The Development Data Hub is Development Initiatives (DI)’s flagship online resource for the discovery of financial and resource flow data. The tool brings together multiple datasets and through interactive visualisations allows the user to understand how resources designated for development are spent.
With a click of a button it is possible to visualise where the poorest 20% of people are in the world or unbundle official development assistance (ODA) data by sector, recipient, donor, form or channel. The Data Hub allows the user to compare ODA across sectors, countries, and channels. How? The tool collates data from a variety of sources and combines it to produce dynamic visualisations. These complex visualisations are accompanied by a dynamically created downloadable dataset.
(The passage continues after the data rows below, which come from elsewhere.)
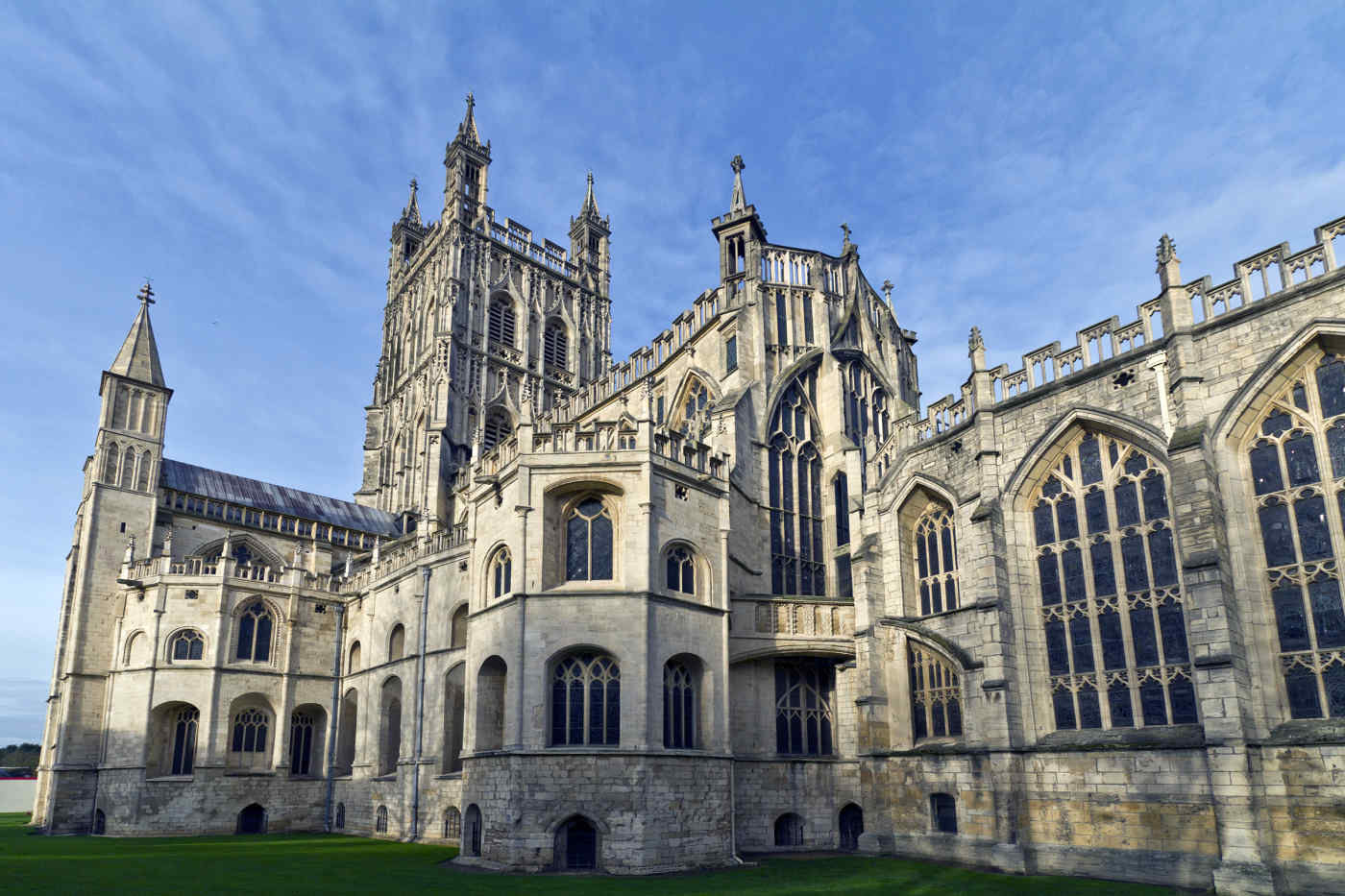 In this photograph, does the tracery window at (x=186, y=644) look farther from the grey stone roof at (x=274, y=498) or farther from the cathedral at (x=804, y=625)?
the grey stone roof at (x=274, y=498)


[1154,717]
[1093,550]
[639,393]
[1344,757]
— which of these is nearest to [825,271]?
[639,393]

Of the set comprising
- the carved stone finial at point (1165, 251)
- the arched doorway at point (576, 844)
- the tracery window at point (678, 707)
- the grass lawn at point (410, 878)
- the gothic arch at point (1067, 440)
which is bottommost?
the grass lawn at point (410, 878)

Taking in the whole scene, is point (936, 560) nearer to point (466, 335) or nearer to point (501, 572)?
point (501, 572)

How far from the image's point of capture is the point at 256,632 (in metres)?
40.1

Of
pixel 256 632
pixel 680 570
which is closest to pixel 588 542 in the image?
pixel 680 570

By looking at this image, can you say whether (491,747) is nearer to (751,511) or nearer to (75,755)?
(751,511)

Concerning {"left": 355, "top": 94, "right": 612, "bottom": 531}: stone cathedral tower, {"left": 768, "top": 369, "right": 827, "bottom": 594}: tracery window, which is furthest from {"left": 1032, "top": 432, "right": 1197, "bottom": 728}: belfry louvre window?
{"left": 355, "top": 94, "right": 612, "bottom": 531}: stone cathedral tower

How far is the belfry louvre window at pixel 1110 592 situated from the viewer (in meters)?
20.4

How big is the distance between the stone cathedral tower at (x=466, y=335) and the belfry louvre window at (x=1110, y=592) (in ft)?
125

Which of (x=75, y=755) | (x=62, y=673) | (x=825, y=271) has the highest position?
(x=825, y=271)

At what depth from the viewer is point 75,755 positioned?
1501 inches

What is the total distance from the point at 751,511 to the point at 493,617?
32.4ft

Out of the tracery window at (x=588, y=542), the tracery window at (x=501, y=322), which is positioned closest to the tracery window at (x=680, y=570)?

As with the vast majority of databases like this, the Data Hub would benefit from an additional machine-readable layer of context that could direct the user to the relevant information on the data source that produces the dynamic visualisation. Since the Data Hub is dynamic, in an ideal world, so too would be the metadata standard that provides the information on when the data was published, who published it, when it was last updated, where it can be downloaded and how it was generated.
The World Wide Web Consortium (W3C)’s ‘Data on the Web Best Practices’ states that providing metadata is a ’fundamental requirement when publishing data on the Web’ and advises that that metadata should be provided in both human- and machine-readable format. Machine-readable format is a crucial requirement, as this allows computer applications to process it.
Development Initiatives is a leading curator of value-added joined-up data and is committed to improving the interoperability of all development-related and humanitarian data. Can DI adhere to the W3C principle of publishing metadata in a human and machine-readable format?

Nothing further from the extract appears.